◆ **Exercise details**: The answer must consist solely of the lines below starting at the one containing "Ecoco 8L Pedal Dustbin with Flip-Top Lid" and ending at the one containing "Page 1 de la", repeated exactly, with both ends included and all pictures omitted.

◆ **Dataset excerpts**:
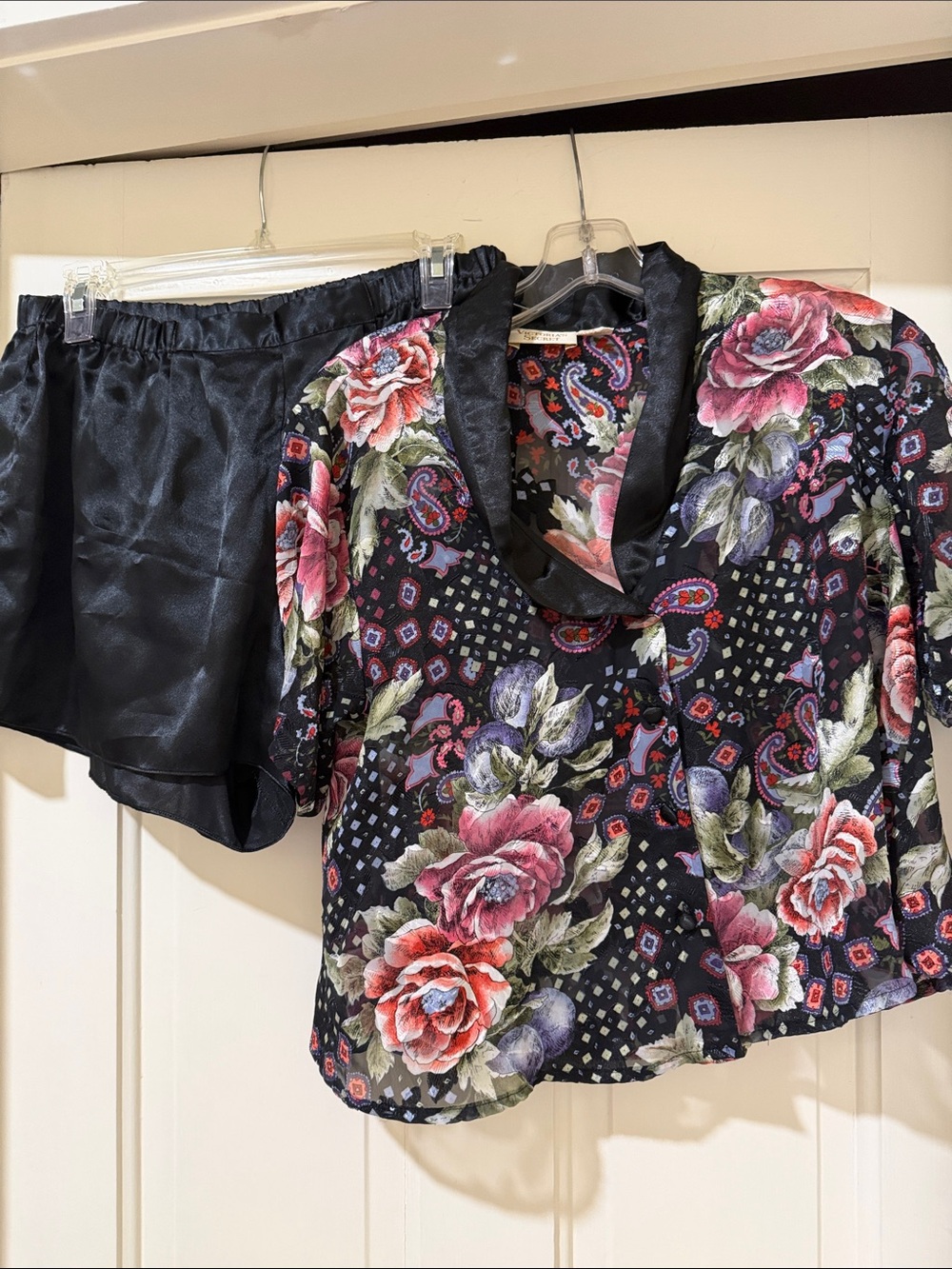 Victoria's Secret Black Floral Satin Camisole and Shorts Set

* * *

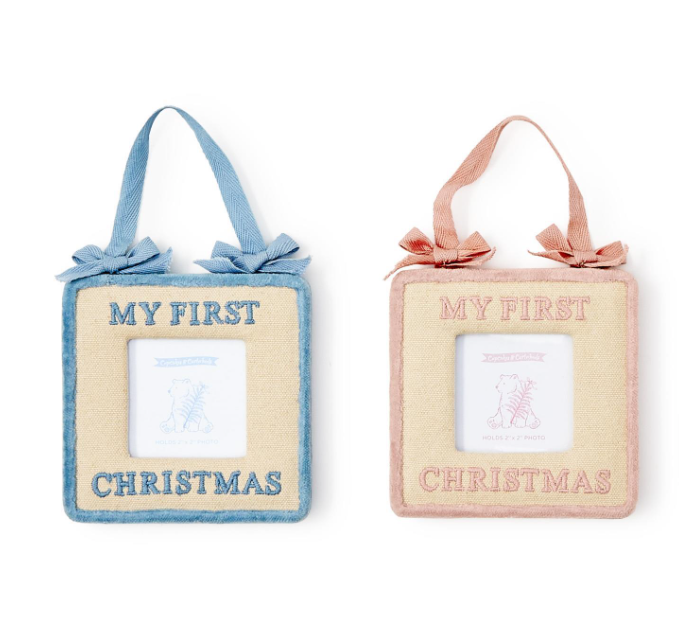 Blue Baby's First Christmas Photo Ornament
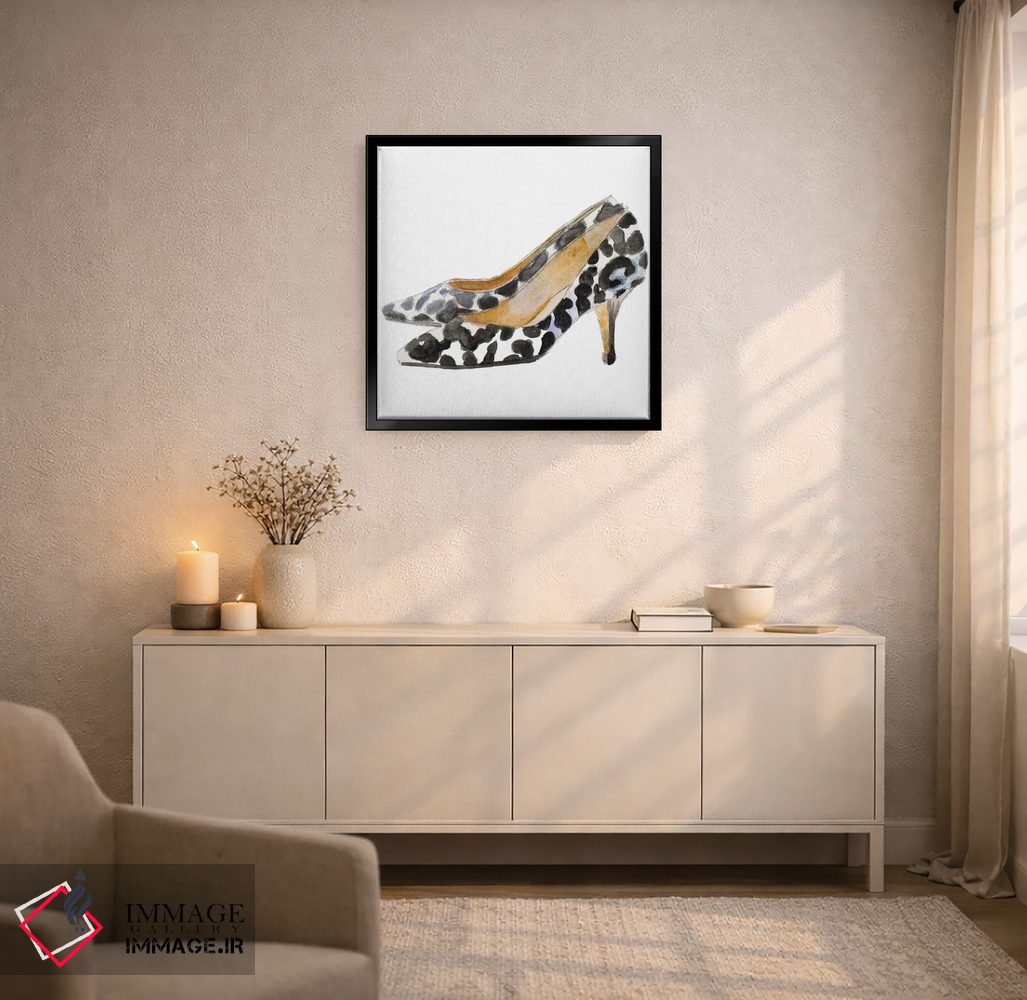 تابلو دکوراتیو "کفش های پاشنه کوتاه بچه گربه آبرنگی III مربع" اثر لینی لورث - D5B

---

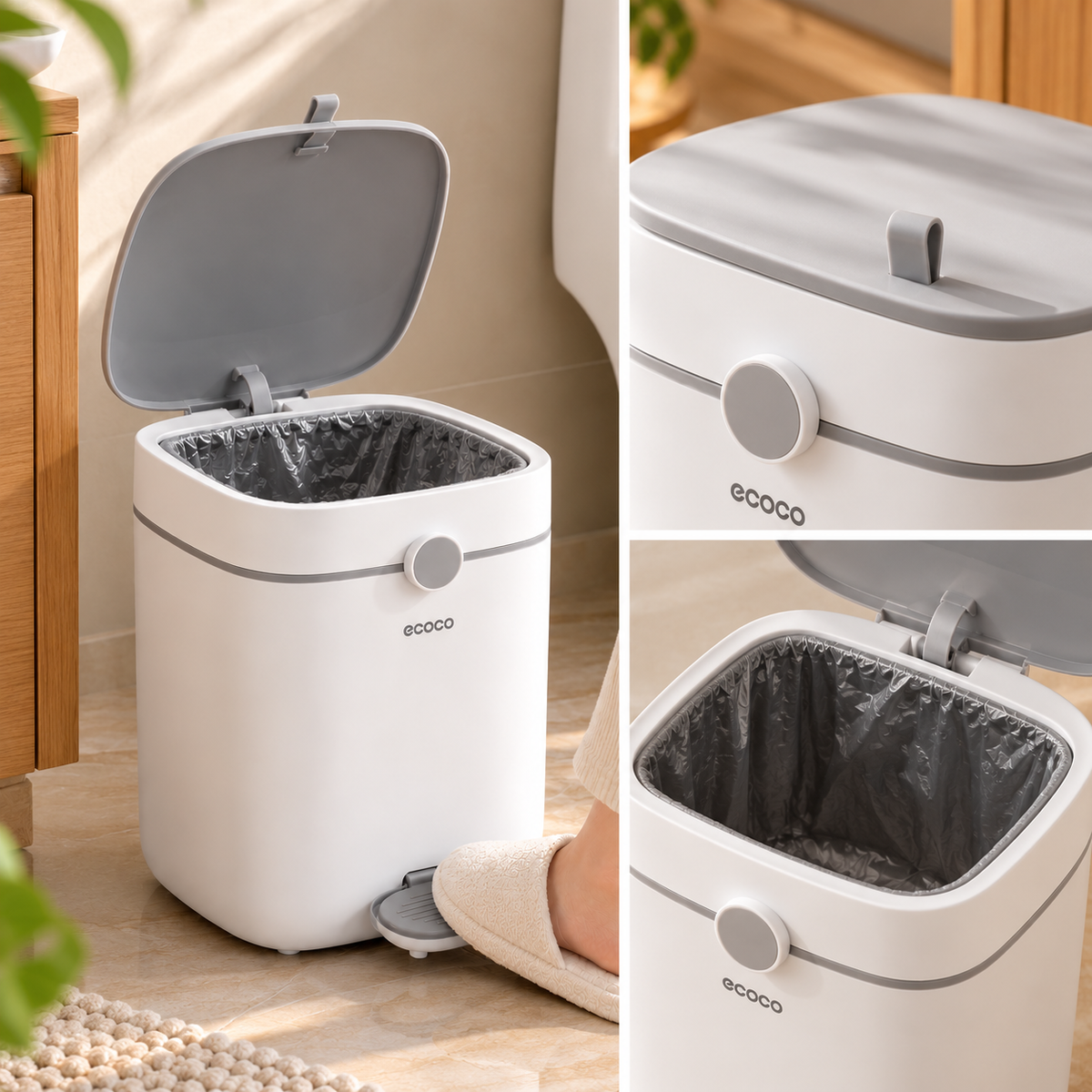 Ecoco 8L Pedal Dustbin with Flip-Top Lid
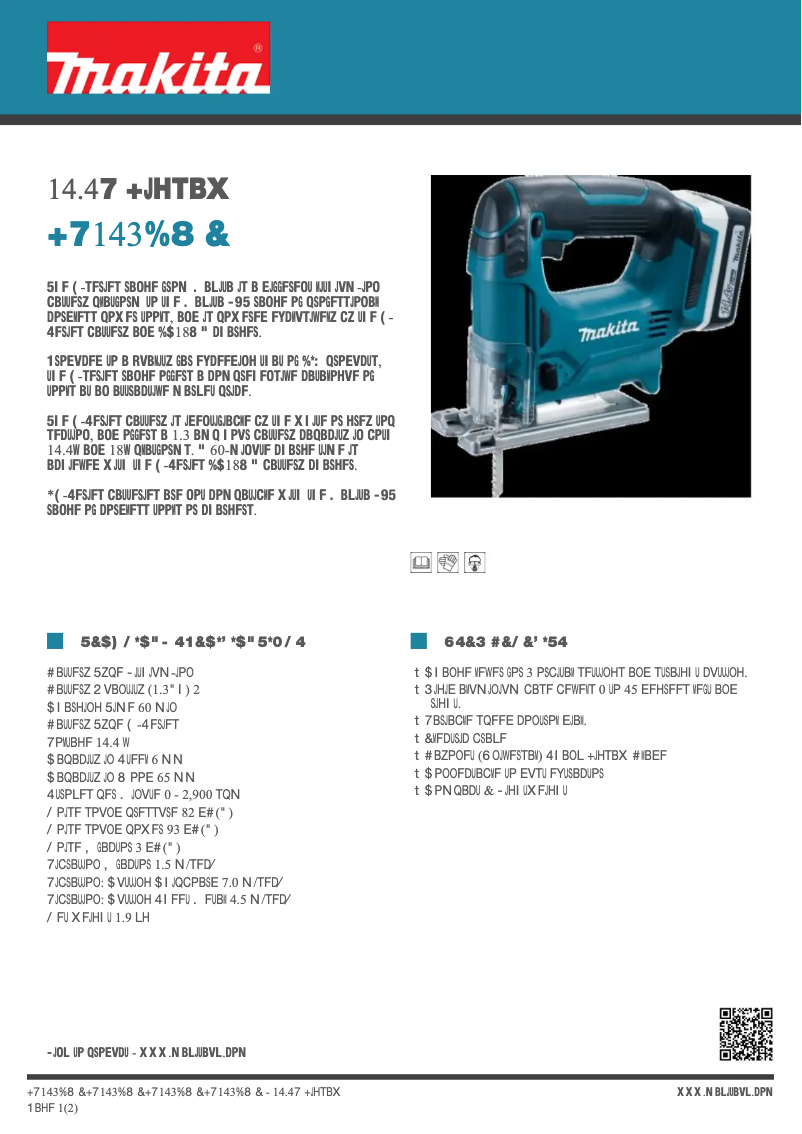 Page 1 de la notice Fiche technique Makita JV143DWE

◆ **Solution below**:
 Ecoco 8L Pedal Dustbin with Flip-Top Lid
 Page 1 de la notice Fiche technique Makita JV143DWE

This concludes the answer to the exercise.